• **What this task involves**
For the records below, give the number of lines containing the word "with" and no other text.

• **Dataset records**
════

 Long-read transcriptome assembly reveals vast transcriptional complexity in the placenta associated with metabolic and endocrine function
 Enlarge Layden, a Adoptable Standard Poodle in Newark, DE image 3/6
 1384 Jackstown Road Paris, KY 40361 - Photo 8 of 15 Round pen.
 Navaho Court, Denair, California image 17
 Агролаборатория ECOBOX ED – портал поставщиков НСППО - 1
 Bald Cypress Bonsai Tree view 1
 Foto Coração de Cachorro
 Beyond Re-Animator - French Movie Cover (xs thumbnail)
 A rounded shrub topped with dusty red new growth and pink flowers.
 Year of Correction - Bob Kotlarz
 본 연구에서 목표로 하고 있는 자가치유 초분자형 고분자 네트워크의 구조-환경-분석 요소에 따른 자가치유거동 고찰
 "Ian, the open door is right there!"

════

• **Solved problem**
2